Though the Minister of Primary and Secondary Education, Dr Lazarus Dokora justifies the move saying the fees are meant to cushion the Zimbabwe School Examination Council that is failing to fully paying the last year’s Grade 7 examiners. The very fact that there is an exam fee might bar some pupils from extremely poor families from achieving a Grade 7 Certificate. For a guardian who has 3 children sitting for Advanced Level, Ordinary Level and Grade 7 examinations the same year, it might be a mammoth task for a guardian to finance all those young students’ school fees as well as exam requirements. That might lead to prioritization of education thereby bringing back such issues as gender disparities.
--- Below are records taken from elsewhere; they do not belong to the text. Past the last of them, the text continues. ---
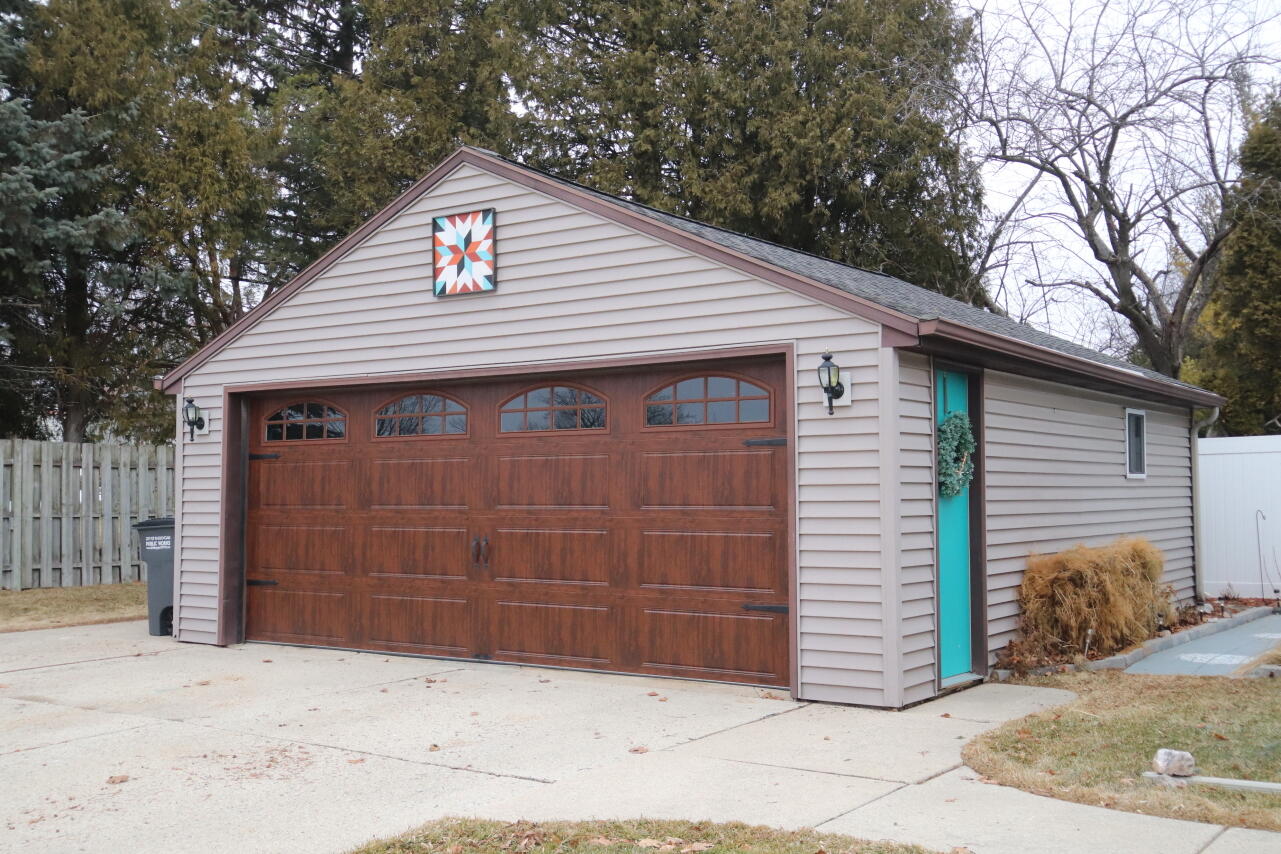 604 North 27th Street Sheboygan, WI 53081 - Photo 2 of 30 2.5 Car Garage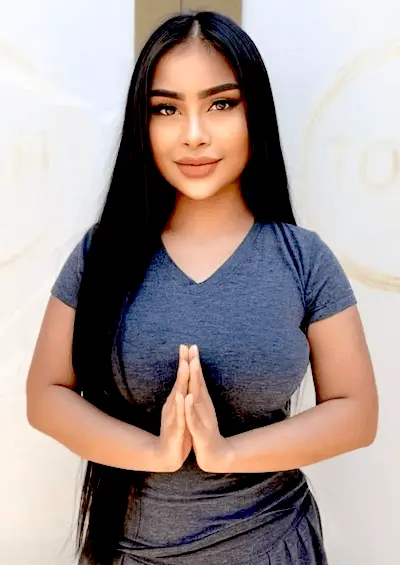 vicky-touch-wellness-therapist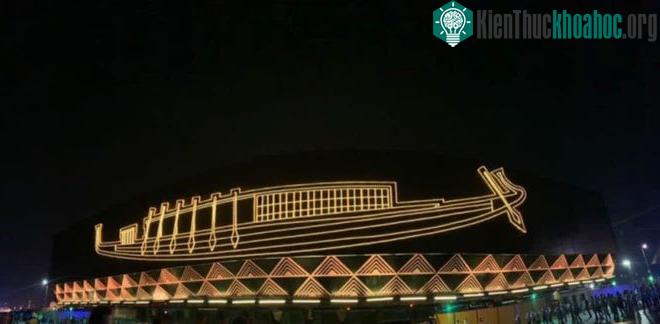 Các Pharaon coi những chiếc thuyền Mặt trời là những chiếc thuyền nghi lễ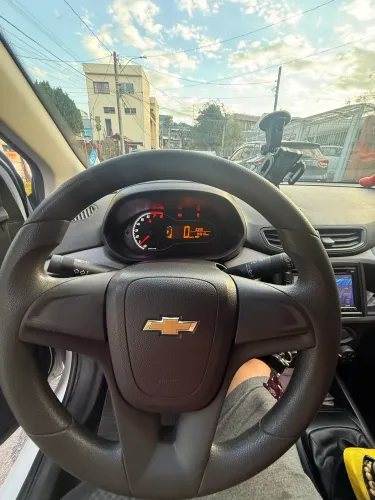 Chevrolet Onix JOY Hatch 1.0 8V Flex Mec. 4P 2019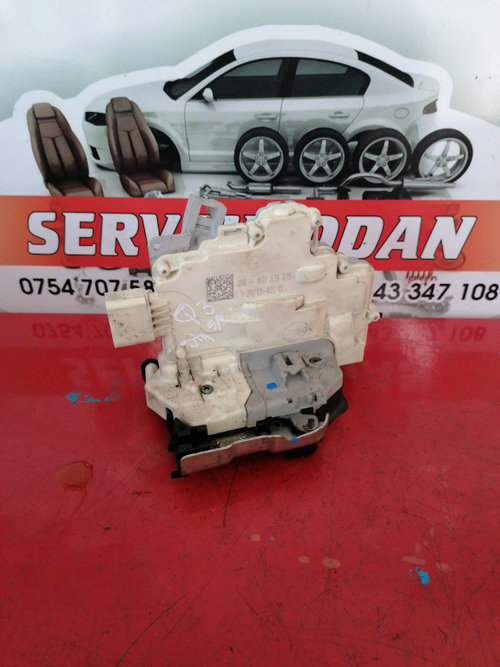 Broasca stanga spate Audi Q3 (2011-2017) [8U] 2.0 Motorina 2013, 4G0839015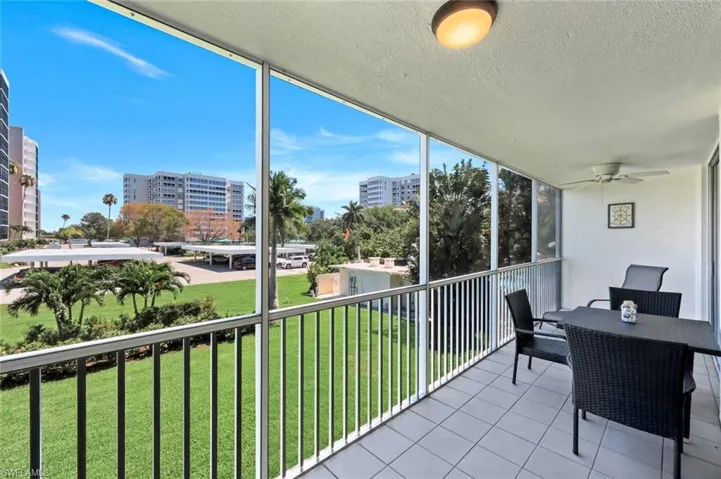 Enjoy your breakfast, lunch and dinner alfresco on the screened balcony.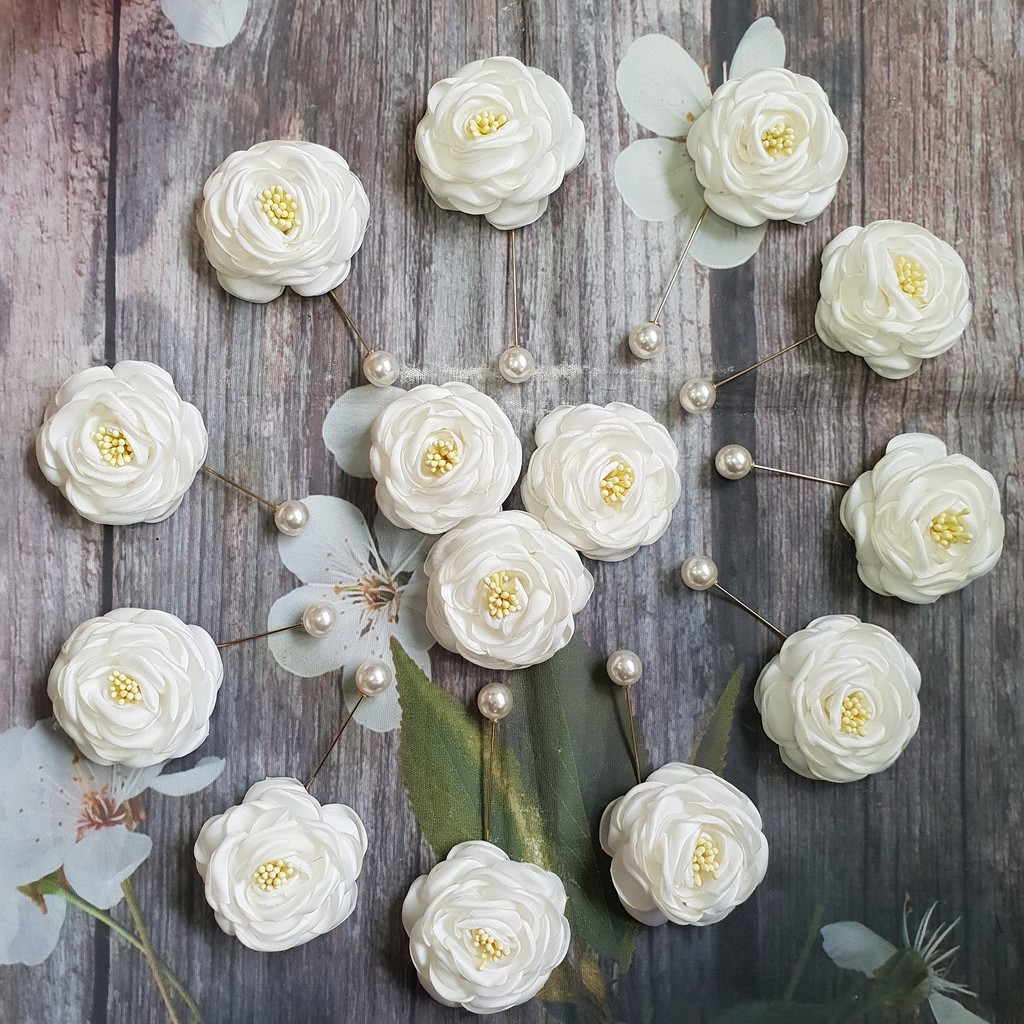 Hoa cài áo trắng/ Phụ kiện cài áo/ Phụ kiện đồng phục/ Cài áo handmade/ Hoa cài áo công sở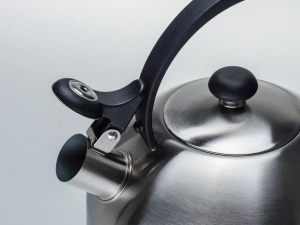 ЧАЙНИК со свистком 2,5 л из нержавеющей стали с пластмассовой ручкой  Home Line 90784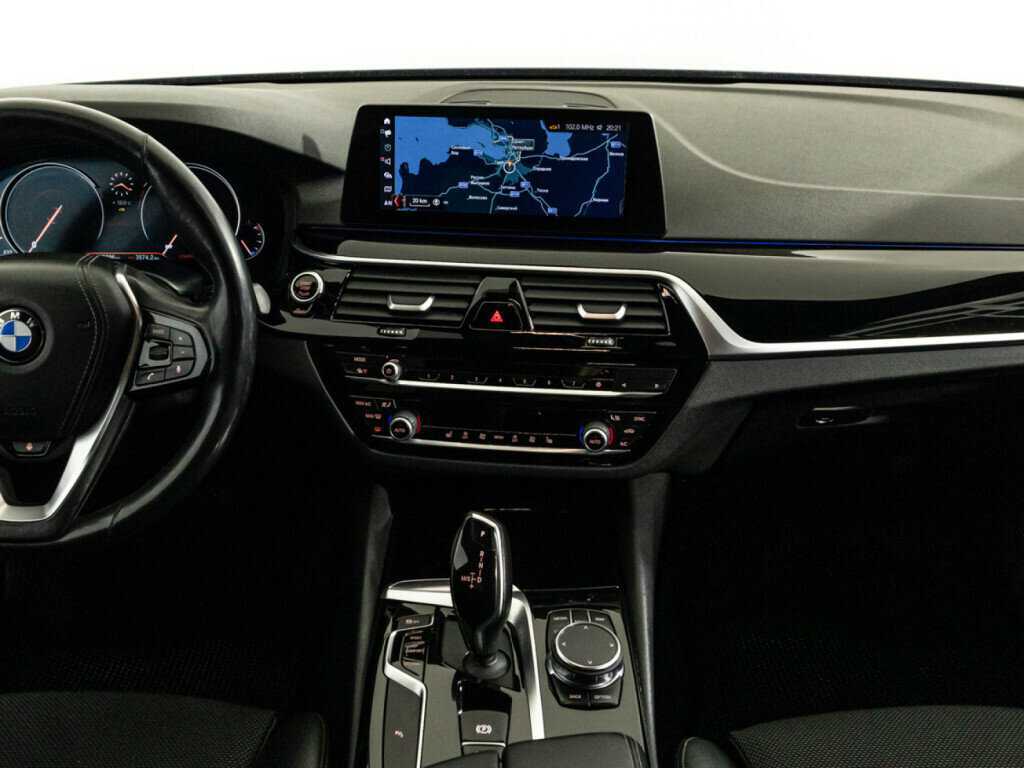 Б/У БМВ 5 серии 2017 года. Фото: #13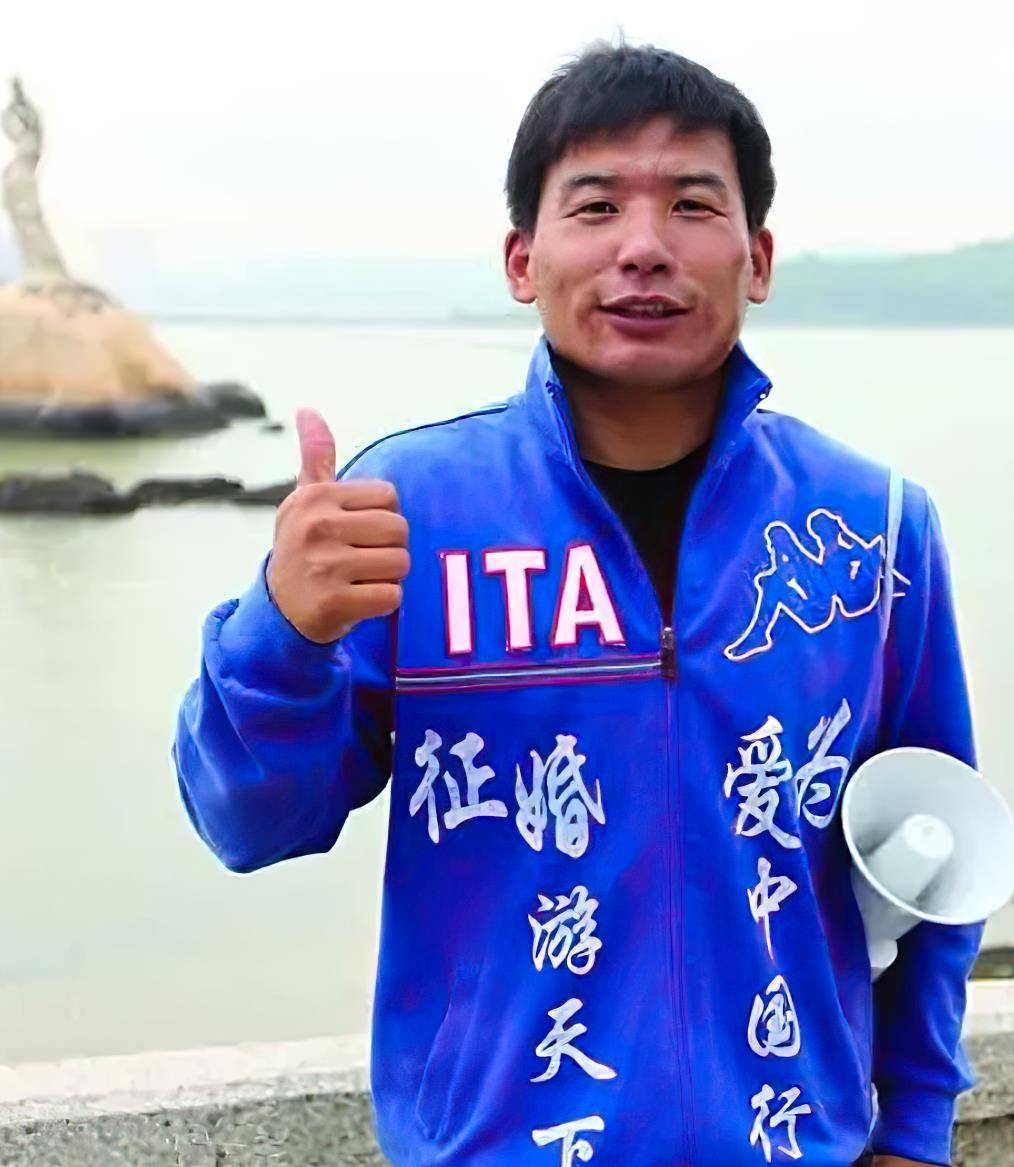 原创11年黑龙江28岁小伙全国街头征婚和妹子视频10分钟闪婚后如何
Education is not an option but a human right. The introduction of the exam fee regardless of the amount being US$4 is a direct violation of the Zimbabwean Constitution Chapter 2, Section 27 (1) (a) which stipulates: “The state must take all practical measures to promote free and compulsory basic education for children.” While the government wants to keep afloat the splendor of its literacy levels that are highly rated in in the continent, it is sinister to forget its constitutional obligation.
The neo-liberal experience of the 1990s had a boomerang effect on the government hence made it very unpopular. The gulf between the rich and the poor widened because of these ill-thought policies and by the time when the government realized it had already lost the support of the middle class which choreographed the formation of the MDC in 1999. Government policies should relief and not burden the taxpayer.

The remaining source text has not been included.